Now let’s say we look at the 1900 census for this Ann Smith, since it is the first available census after Ann’s birth. Censuses, though the single most useful record type, are secondary because the information is taken by sheriffs and deputies at first, then by other employees, people who may not know the family at all. All the recorded events occurred some distant time from when they were written down. And the person or persons giving the information may not have known the details about family members. Sometimes the information was given by a younger child or even the neighbor. Sometimes the family did not want certain details about their family known by others, so misleading information was deliberately provided. Sometimes the census taker was just plain tired of writing and going from house to house and being yelled at, so he abbreviated names, or he rounded birth years off to every 5 years, or his handwriting became fatigued and sloppy.
Nevertheless, censuses are crucial to American genealogists because they do provide a time and place where other records can be found. Plus they show relationships among people. So if the 1900 census for this fictional Ann Smith were named Record C, it would go somewhere near the middle of the Primary/Secondary Continuum.
Eventually the the fictional researcher for Ann Smith visited Ann Smith’s only living child who said, “No, Grandma Annie was not born in 1887. She was born the year of that big snow storm. I know that’s true. I heard it all my life.” This oral interview was labeled Record D. So the researcher studied the local history and discovered the big snow was in 1889. Because this “fact” was provided by a child of Ann Smith, who could not have been present at Ann’s birth, some 80 years previous to the interview, the researcher knows it is a family legend. Family legends actually fall off the right side of the Primary/Secondary Continuum, but we’ll put Record D over there as for as it can go, because family legends often have some thread of truth in them.
After more research, the genealogist discovered there was a bit of truth to the granddaughter’s statement.
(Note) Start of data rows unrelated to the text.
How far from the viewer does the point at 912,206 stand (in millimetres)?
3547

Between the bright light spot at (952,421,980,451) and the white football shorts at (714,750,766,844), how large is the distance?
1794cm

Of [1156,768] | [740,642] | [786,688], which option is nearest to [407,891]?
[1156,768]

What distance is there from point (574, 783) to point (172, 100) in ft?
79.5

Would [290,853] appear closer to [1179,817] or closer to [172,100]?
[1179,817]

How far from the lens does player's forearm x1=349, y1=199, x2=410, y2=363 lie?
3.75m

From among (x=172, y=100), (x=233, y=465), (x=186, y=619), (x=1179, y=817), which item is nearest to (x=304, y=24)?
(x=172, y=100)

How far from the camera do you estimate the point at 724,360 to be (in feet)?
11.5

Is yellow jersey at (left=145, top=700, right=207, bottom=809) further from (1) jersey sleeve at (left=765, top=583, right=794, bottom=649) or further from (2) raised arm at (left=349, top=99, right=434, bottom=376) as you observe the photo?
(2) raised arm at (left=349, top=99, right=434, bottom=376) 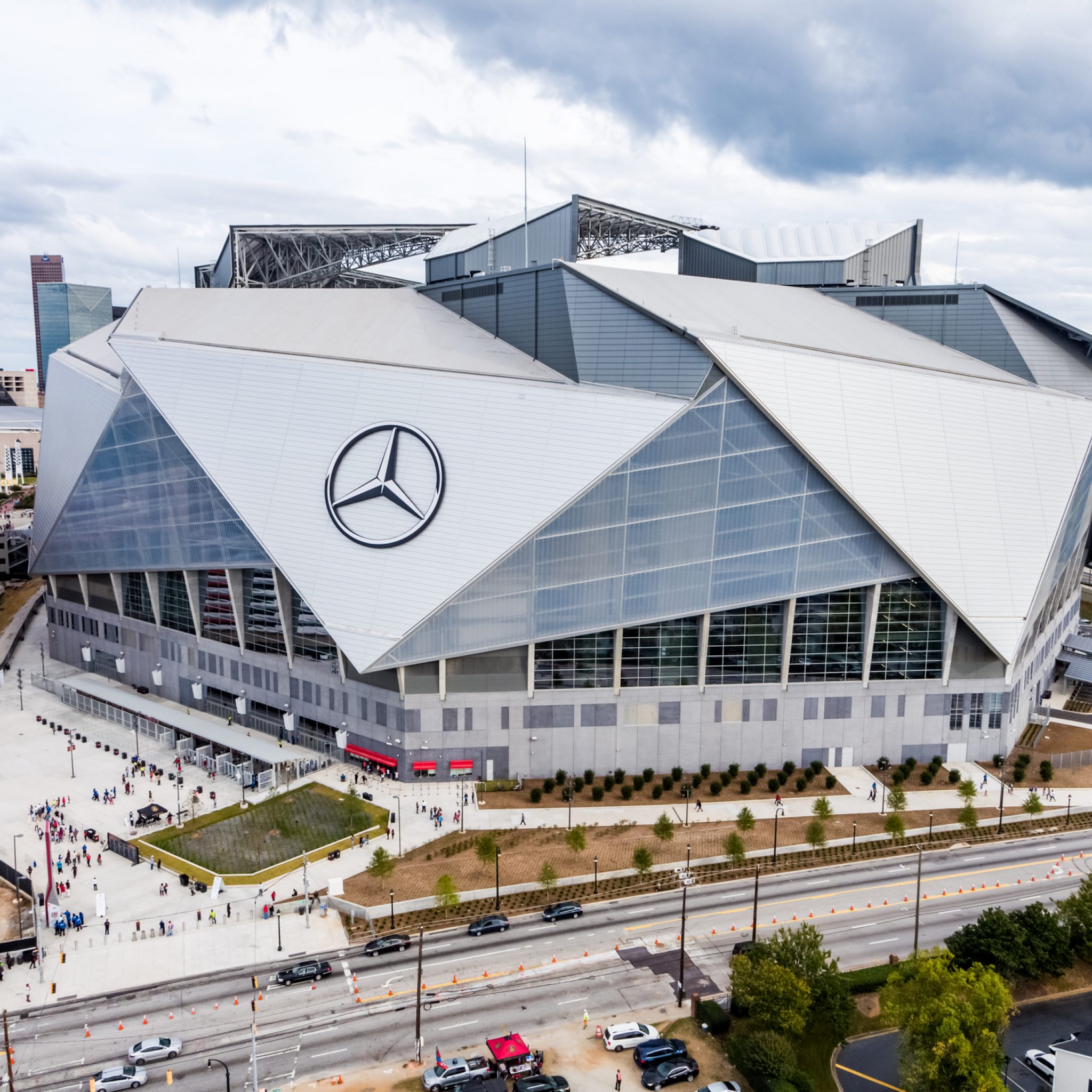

A child of Mary Smith’s was born during the big snow, but it was Ann’s younger brother Clyde who was born in 1889.
So if you did have access to these four records, which would you use to build your pedigree? You would use the most primary record you could get your hands on, the one created closest to the time of the event by a person most involved in the event. The further away you got from the time of the event, the less you would believe the record. And the further you got from a participant, especially if it were only heresay, the less you would believe the information.
The genealogical principle is: Use primary records to build your pedigree if you want it to be accurate. When you run out of primary records, use the most primary of the records you have while eschewing secondary records, especially those that fall into “family legend,” the ones that wobble right off the far right of the chart.
Another caution: It is possible, even usual, to have both primary and secondary information in the same document. For example, a regular death certificate is primary for the date and place of a death, but it is actually a little less primary for the name of the person who died because that name came from a living descendant who may or may not have known the full name in its correct order. The names and birth places of the deceased's parents are totally secondary because that information was provided much later [usually] than when those events occurred by people who were not present.
Once this concept is understood, it becomes automatic and easy.